Assignment
Beginning with the first line, please return the entries exactly through the line that contains "Baggy Leisure Club", and leave out all later lines.

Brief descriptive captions
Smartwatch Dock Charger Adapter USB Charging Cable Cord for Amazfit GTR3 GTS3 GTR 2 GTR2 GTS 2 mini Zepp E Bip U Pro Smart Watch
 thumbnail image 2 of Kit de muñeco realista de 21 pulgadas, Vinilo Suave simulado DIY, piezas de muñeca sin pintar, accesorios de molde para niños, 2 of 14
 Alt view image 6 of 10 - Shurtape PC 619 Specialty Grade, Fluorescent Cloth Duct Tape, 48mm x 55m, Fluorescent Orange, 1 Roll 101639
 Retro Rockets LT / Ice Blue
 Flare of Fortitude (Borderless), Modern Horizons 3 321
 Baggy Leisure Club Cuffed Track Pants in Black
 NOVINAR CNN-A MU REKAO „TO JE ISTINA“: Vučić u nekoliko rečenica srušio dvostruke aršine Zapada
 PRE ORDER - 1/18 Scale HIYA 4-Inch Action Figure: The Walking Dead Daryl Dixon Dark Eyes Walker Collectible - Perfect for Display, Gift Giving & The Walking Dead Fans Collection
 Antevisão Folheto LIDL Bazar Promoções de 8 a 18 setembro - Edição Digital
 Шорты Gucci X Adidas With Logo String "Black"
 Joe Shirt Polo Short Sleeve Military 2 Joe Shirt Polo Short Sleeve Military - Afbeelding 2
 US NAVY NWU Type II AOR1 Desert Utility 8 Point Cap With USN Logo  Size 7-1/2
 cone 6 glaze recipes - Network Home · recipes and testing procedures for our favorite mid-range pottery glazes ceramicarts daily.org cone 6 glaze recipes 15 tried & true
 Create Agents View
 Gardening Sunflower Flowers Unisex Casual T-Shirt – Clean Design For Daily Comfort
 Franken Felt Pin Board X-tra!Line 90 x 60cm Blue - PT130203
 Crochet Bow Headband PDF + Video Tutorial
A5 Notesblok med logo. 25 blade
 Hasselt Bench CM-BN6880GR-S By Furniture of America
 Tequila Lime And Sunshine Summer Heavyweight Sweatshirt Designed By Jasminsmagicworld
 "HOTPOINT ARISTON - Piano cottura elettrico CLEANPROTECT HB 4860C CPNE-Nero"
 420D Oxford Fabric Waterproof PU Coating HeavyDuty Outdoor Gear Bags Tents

Written solution
Smartwatch Dock Charger Adapter USB Charging Cable Cord for Amazfit GTR3 GTS3 GTR 2 GTR2 GTS 2 mini Zepp E Bip U Pro Smart Watch
 thumbnail image 2 of Kit de muñeco realista de 21 pulgadas, Vinilo Suave simulado DIY, piezas de muñeca sin pintar, accesorios de molde para niños, 2 of 14
 Alt view image 6 of 10 - Shurtape PC 619 Specialty Grade, Fluorescent Cloth Duct Tape, 48mm x 55m, Fluorescent Orange, 1 Roll 101639
 Retro Rockets LT / Ice Blue
 Flare of Fortitude (Borderless), Modern Horizons 3 321
 Baggy Leisure Club Cuffed Track Pants in Black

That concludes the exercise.